One of the more conceptual pieces, and one of the best in the exhibit, comes from Glenn Kaino. A series of images on the wall lead up to a gold and steel podium, which casts vertical shadows on the wall behind it, making it look like lighting for a soon-to-be victory celebration. The images are from the 1968 Mexico Olympics, at which African American athletes Tommie Smith and John Carlos raised their fists in a Black Power salute on the podium while receiving their medals. As a result they were kicked off the team, and Smith was stripped of his “gold.” The artist seems to be putting the medals back around their necks in this corner of The Bass.

 

Less subtle but still powerful is the compositionally excellent installation from South African Robin Rhode.

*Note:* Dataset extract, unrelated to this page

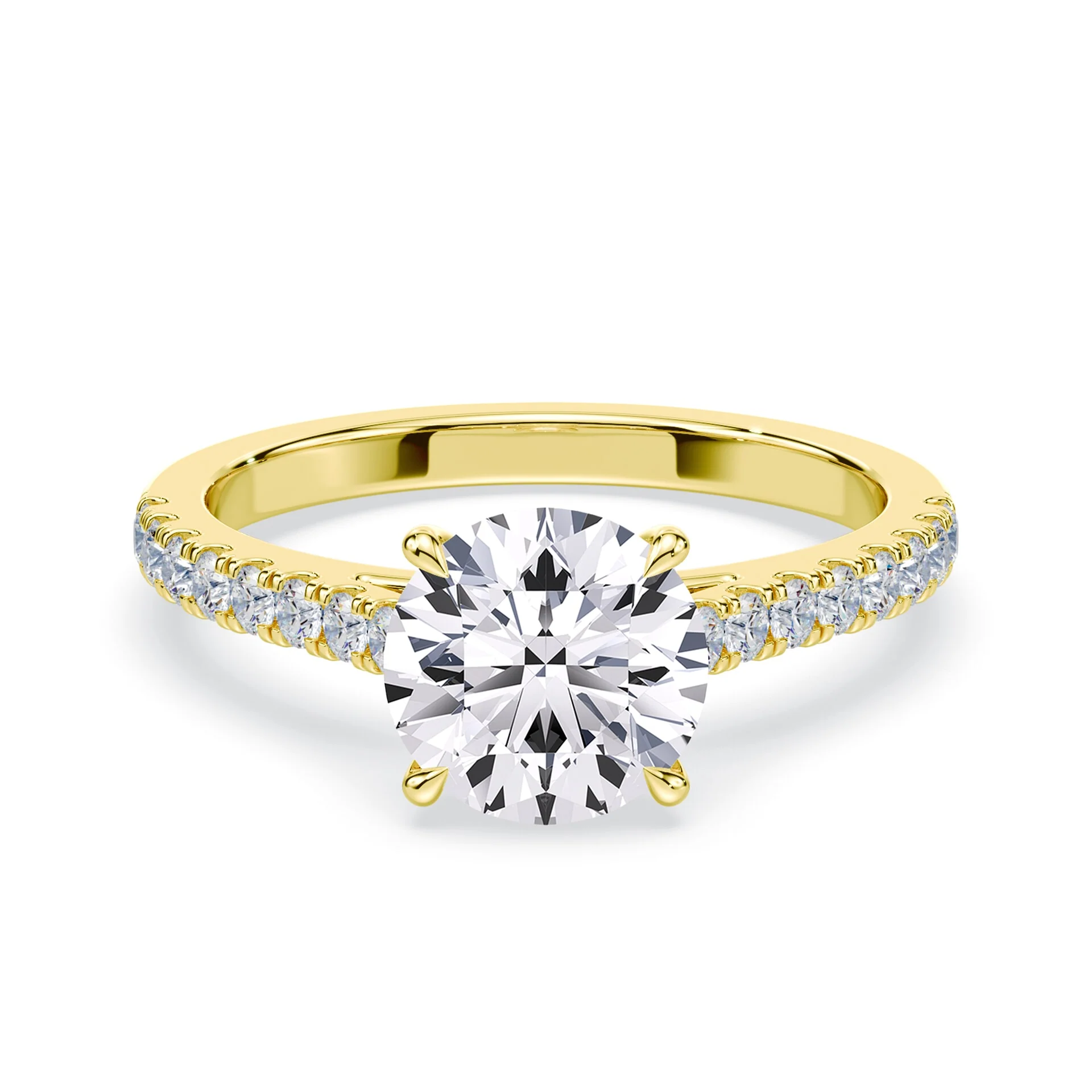 Sleek Pave Cathedral Engagement Ring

A gilded shovel is placed in a pile of fine coal dust, taking us to the mines where half of all the gold is unearthed, often under horrific, serf-labor conditions.

 

Not all the works are gold-coated. Ebony G. Patterson gets her own, dimly lit room to show off her 2014 tapestry. The Jamaican artist has been shown in Miami before, and always to great acclaim. On the floor sprawls a brightly colored collage of again cheap items, fake flowers and baubles and sparkles, that on the whole create a mesmerizing, glittering weave reminiscent of Haitian flag art. But look closely and the prominence of toy guns, and the outline of what could be an decapitated body, get to the heart of Patterson’s work. She often depicts the extreme violence that plagues her homeland and the Caribbean. All that glitters here certainly isn’t gold.

 

Violence also is the theme of Chris Burden’s golden bullets; not hard to discern the connection between wealth and the often-violent way it is obtained. But the best part of this is the reference to Burden’s previous work — he’s a pioneering performance artist who rose to fame after his controversial 1971 piece Shoot, for which he had an assistant shoot him in the arm.

 

Another dedicated room belongs to the video from Cyprien Gaillard, which also involves the conquest of the Americas and its consequences. His eight-minute Cities of Gold and Mirrors was featured in his big solo show at MoMA PS1 last year. Shot in Cancun, Mexico, it pictures Mayan ruins intermixed with mega-tourist resorts; visitors and locals in the new El Dorado. Don’t miss the gangster dancing on the crumbling remains of the previous civilization.

It may be easy to miss one of the pieces created specifically for this exhibit, unless you look to the ceiling. Almost like a chain of gold encompassing or linking the spaces, Todd Pavlisko has lined the top of the walls with coins he collected in one year and covered with gold. It’s an inspired work, an absurd string of thousands of commemorative gold coins.

 

Several locals are included in the exhibit. The photograph from Carlos Betancourt also references Pre-Columbian imagery, symbols and culture. And Martin Oppel’s humorous installation is loosely tied to the theme of prosperity; it’s a standalone gold-plated bar, the kind that every self-respecting 1950s businessman would have in his living room, but it’s slightly tilting, maybe like a man drunk on his own power.

 

The site-specific benches and terrific wallpaper from Cristina Lei Rodriguez, placed outside the galleries, interact with the building itself. Fifty years ago, before its additions and renovations, the Bass was a limestone structure, and she has woven touches of gold leaf and color into remnants of that rock, creating veins of the precious metal.